READING LIST
Mastering Python for Bioinformatics
Ken Youens-Clark, 2021, Currently Reading
First impressions: The book is well presented and the information is delivered in a playful inquisitive manner. I find it straightforward due to my prior coding experience, but I am expect to be challenged more by the later chapters.
Computational Biology Reads
Learn Genomics Dev
A short crash course on genomics, I went through it and learned a lot about analysis workflows used within genomics. My blog post about variant calling is based on what I learned on this website
Sohum's Favorite Books










Brouwer et al. 2021
This paper is interesting because uses longitudinal data sourced from realistic environments (as opposed to controlled environments like clinical trials) to do prediction tasks. Longitudinal data is hard to integrate into models due to its nature, so the researchers' work is greatly beneficial to the field.
Point of View on Outcome Prediction Models in Post-Stroke Motor Recovery
Groen et al. 2024
The researchers focus on upper limb (UL) recovery since it affects quality of life the most. The researchers do a great job at breaking down key challenges that the field needs for progression, some of which being technical (such as the need to incorporate longitudinal data with dynamic models), and others being community based (like the need to establish consensus on important biomarkers for data collection)

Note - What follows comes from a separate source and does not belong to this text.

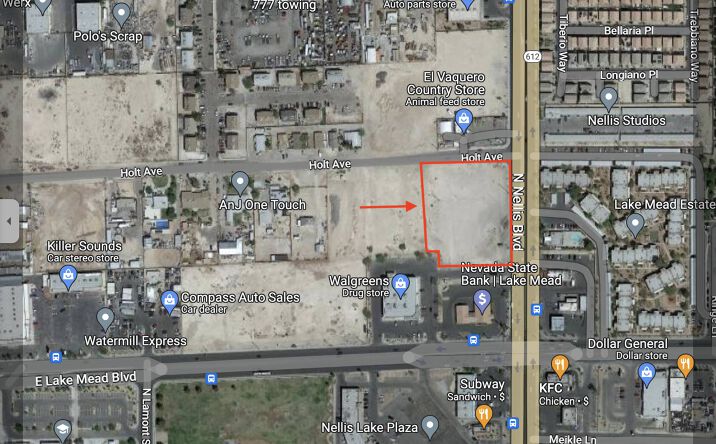 Pictures of Land property located at 2087 N Nellis Blvd, Las Vegas, NV 89115 for lease - image #1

Modeling the START transition in the budding yeast cell cycle
Janani Ravi, Kewalin Samart, Jason Zwolak 2024
This paper used a mathematical model to predict the START transition of yeast cells. This is the transition where, unironically, the cell progresses from the G1 (developmental) stage -> S (DNA synthesis) stage. The focus of this research was making a purely computational model based on empirical observations that this transition is reversible. The not-so-surprising level of depth that is captured in these models of cell dynamics is fascinating to me.
drGAT: Attention-Guided Gene Assessment of Drug Response
Yoshitaka Inoue, Hunmin Lee, Tianfan Fu, Augustin Luna
I've written a longer blog post about this paper. In short, this paper proposes a graph attention model for drug discovery that has impressive accuracy and interpretability.
Aziz Fouché, Andrew Zinovyev
New ways of collecting biological data are constantly being developed, omics integration will be key to knitting all these modalities together. This article explains omics integration problems really well, and if you are looking for a general overview of the problem, I would highly recommend starting here.